In describing our quality measures below, we use the following definitions. TF stands for TRUE FAIL, FF stands for FALSE FAIL, TP stands for TRUE PASS, and FP stands for FALSE PASS. Our first measure, $F-recall = \frac{T F}{T F + F P}$ , shows the proportion of FAILS that are correctly labeled by the predictive model. The second measure, $F-share = \frac{T F + F F}{Number of observations}$ , shows the proportion of the test sample labeled as FAIL by the model. Finally, we used a modified F-score, which allows us to compare models based on the specific requirements of our task, i.e. a very high F-recall and F-share substantially below 1, we use a variation on the standard F-score.

F- {score}_{mod} = 2 \times \frac{F-recall \times (1 - F-share)}{F-recall \times (1 - F-share)} .

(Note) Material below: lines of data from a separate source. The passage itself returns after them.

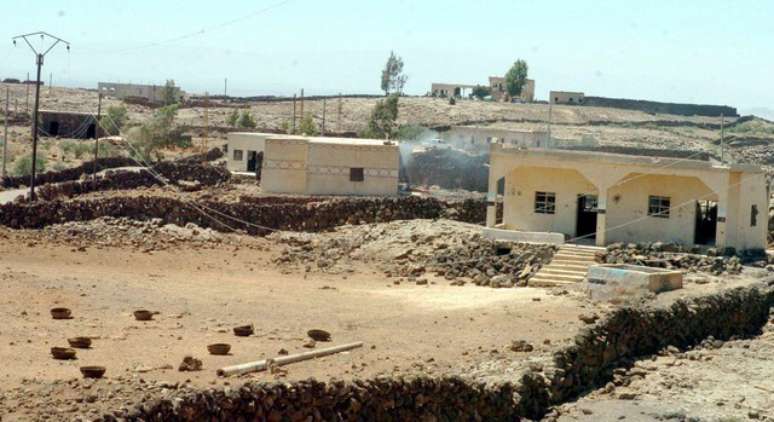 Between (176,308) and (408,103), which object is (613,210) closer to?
(176,308)

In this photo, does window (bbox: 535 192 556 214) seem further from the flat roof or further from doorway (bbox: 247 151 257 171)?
doorway (bbox: 247 151 257 171)

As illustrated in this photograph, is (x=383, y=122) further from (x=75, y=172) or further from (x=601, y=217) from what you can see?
(x=601, y=217)

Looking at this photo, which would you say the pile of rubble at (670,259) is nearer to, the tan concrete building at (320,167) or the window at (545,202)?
the window at (545,202)

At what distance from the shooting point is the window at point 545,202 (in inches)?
1609

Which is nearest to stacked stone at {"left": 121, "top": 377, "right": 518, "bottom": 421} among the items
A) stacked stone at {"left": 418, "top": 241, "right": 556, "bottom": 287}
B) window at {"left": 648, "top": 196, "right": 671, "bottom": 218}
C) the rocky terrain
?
the rocky terrain

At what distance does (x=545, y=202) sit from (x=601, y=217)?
2.53 metres

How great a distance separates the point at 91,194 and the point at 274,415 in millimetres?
31835

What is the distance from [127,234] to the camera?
1620 inches

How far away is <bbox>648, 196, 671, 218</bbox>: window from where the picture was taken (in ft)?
129

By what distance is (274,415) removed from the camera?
61.2 ft

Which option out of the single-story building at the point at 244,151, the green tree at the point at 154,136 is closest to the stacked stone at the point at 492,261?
the single-story building at the point at 244,151

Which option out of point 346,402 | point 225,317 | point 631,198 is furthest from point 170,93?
point 346,402

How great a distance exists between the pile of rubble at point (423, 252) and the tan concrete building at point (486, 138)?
21.3 meters

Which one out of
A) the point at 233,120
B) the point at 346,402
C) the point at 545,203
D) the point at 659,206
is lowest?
the point at 346,402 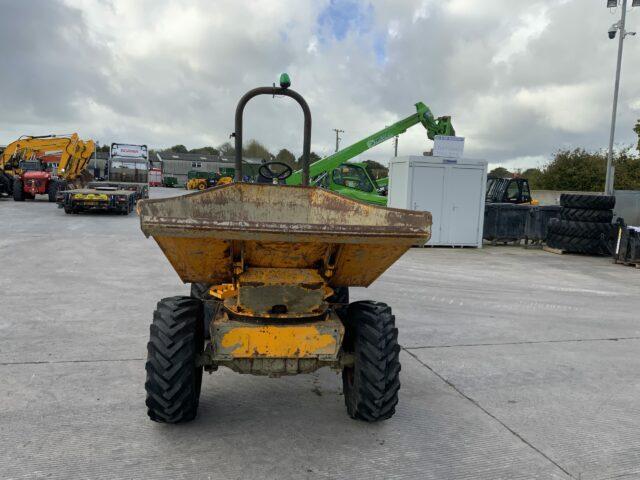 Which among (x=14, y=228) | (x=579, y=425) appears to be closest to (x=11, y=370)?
(x=579, y=425)

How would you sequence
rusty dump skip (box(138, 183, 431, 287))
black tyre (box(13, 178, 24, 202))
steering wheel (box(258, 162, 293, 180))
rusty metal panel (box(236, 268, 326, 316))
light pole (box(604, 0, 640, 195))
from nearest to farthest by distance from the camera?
rusty dump skip (box(138, 183, 431, 287)) < rusty metal panel (box(236, 268, 326, 316)) < steering wheel (box(258, 162, 293, 180)) < light pole (box(604, 0, 640, 195)) < black tyre (box(13, 178, 24, 202))

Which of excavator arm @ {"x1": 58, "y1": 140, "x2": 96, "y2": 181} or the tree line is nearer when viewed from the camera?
excavator arm @ {"x1": 58, "y1": 140, "x2": 96, "y2": 181}

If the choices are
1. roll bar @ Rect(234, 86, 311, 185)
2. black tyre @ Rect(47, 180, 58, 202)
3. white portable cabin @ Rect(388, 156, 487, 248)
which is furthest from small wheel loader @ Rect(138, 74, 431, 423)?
black tyre @ Rect(47, 180, 58, 202)

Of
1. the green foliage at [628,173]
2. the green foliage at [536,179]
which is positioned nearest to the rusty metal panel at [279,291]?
the green foliage at [628,173]

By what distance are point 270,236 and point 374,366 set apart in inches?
44.2

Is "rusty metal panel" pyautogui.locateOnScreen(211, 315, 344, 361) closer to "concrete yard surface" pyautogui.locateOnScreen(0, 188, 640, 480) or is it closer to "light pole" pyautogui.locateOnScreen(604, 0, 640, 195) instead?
"concrete yard surface" pyautogui.locateOnScreen(0, 188, 640, 480)

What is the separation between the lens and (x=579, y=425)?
3621 mm

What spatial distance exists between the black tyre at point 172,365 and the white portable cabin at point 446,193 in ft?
35.0

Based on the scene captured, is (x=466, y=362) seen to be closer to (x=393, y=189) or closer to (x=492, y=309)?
(x=492, y=309)

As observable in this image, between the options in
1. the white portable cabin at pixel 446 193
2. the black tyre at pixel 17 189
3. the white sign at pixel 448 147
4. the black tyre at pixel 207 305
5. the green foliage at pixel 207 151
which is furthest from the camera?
the green foliage at pixel 207 151

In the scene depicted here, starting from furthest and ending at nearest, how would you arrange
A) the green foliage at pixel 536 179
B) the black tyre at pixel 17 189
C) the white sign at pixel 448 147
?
1. the green foliage at pixel 536 179
2. the black tyre at pixel 17 189
3. the white sign at pixel 448 147

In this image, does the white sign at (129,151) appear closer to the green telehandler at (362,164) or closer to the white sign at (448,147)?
the green telehandler at (362,164)

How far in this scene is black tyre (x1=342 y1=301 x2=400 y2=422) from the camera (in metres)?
3.29

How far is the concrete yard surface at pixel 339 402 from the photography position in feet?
9.81
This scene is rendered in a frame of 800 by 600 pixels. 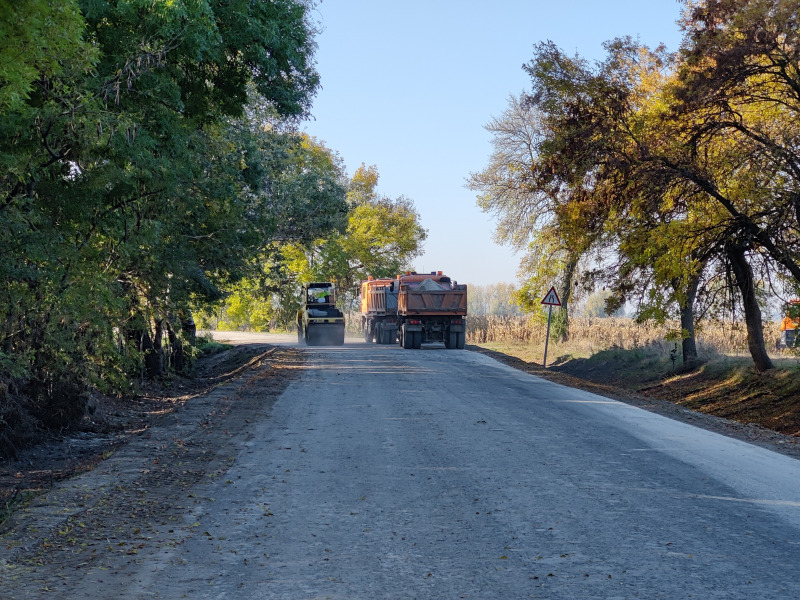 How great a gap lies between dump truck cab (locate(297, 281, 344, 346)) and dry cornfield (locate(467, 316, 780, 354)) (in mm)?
9679

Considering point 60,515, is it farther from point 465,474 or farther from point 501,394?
point 501,394

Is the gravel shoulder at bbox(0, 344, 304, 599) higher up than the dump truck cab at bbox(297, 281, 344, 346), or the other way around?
the dump truck cab at bbox(297, 281, 344, 346)

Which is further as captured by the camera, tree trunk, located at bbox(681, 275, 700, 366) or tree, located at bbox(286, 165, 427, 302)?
tree, located at bbox(286, 165, 427, 302)

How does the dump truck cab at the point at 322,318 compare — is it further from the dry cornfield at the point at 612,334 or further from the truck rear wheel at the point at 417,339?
the dry cornfield at the point at 612,334

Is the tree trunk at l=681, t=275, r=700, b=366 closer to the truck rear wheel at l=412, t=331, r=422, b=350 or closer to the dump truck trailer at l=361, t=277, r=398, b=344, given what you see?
the truck rear wheel at l=412, t=331, r=422, b=350

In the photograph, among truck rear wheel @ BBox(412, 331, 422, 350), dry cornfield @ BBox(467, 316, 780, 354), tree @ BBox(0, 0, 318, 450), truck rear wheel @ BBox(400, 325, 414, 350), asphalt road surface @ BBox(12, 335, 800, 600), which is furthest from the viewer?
truck rear wheel @ BBox(412, 331, 422, 350)

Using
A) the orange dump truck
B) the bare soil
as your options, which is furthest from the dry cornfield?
the bare soil

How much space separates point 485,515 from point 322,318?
3470 cm

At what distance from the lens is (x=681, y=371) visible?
1030 inches

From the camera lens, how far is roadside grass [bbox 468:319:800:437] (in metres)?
19.5

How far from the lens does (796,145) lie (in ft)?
61.1

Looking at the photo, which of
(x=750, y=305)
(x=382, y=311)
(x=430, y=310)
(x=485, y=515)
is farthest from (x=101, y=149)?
(x=382, y=311)

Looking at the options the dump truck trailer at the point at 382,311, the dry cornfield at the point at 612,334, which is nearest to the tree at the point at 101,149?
the dry cornfield at the point at 612,334

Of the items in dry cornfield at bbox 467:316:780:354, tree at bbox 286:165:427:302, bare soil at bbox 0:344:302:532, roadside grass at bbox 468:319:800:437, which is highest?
tree at bbox 286:165:427:302
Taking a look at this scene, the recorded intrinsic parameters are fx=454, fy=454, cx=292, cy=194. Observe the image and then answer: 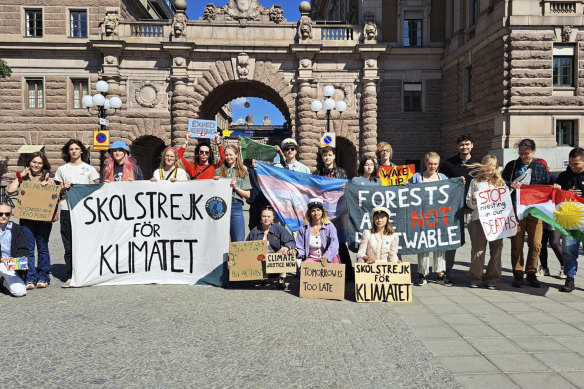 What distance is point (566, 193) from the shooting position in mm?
6773

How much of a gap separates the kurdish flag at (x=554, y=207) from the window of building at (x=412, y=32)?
69.5ft

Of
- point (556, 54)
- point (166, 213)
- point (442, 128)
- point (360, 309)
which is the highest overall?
point (556, 54)

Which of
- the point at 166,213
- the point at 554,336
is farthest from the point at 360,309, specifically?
the point at 166,213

Note that the modified F-score cannot equal 1, as in the standard case. An ideal prediction leads to F-score_mod = 1 - F-share. The intuition behind our custom F-score is based on the highly imbalanced FAIL and PASS samples. A model that accurately labels all failed cases is only valuable if it substantially reduces the workload for human raters, a benefit reflected by F-share.

3 Experiments

For each of the seven ROIs, we performed eight experiments defined by two predictive models (SVC and GBDT), two types of features (original and normed) and two cross-validation approaches. We tested ”Leave-One-Site-Out” and 5-fold stratified cross-validation, as described below.

3.1 Datasets

In our experiments, we used deep brain structure shape data from the ENIGMA Schizophrenia and Major Depressive Disorder working groups.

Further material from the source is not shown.